EXERCISE DETAILS> Reproduce exactly the lines below from the one containing "TRIMMING 20 MM GREEN 50 MB" through the one containing "Naomi Watts krásnou tapetu #36 - 1280x800", including both, and nothing else.

MATERIAL PROVIDED>
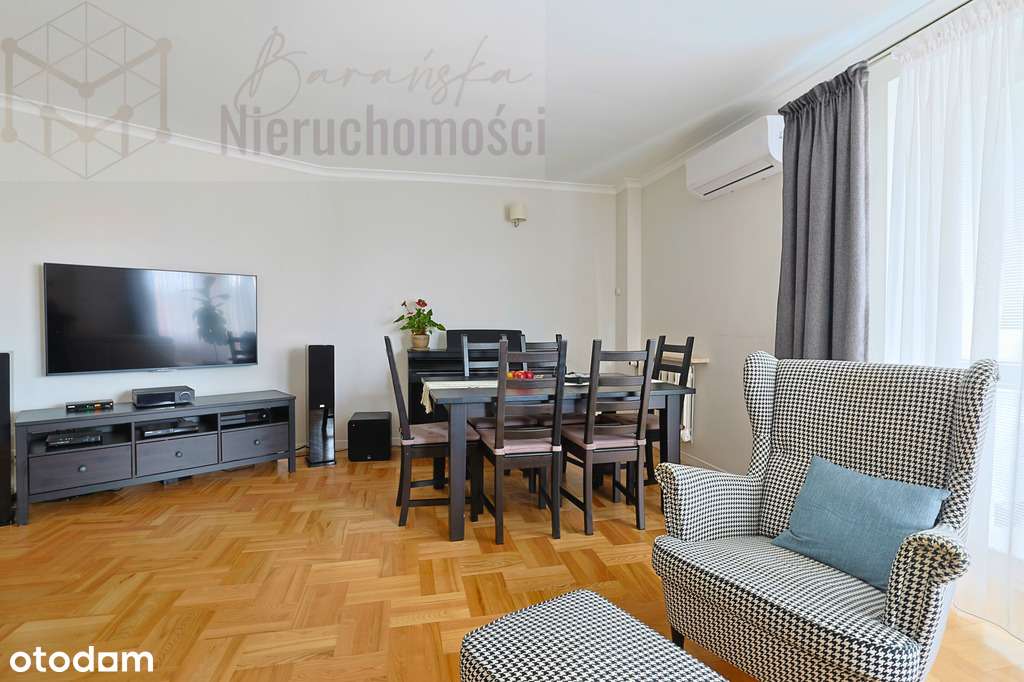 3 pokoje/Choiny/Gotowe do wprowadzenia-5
==
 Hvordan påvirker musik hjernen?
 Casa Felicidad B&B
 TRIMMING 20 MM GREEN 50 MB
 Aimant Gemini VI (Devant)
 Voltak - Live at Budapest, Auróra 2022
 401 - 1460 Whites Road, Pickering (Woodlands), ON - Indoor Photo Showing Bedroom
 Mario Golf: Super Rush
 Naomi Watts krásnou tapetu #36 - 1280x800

RESPONSE TO THE EXERCISE>
 TRIMMING 20 MM GREEN 50 MB
 Aimant Gemini VI (Devant)
 Voltak - Live at Budapest, Auróra 2022
 401 - 1460 Whites Road, Pickering (Woodlands), ON - Indoor Photo Showing Bedroom
 Mario Golf: Super Rush
 Naomi Watts krásnou tapetu #36 - 1280x800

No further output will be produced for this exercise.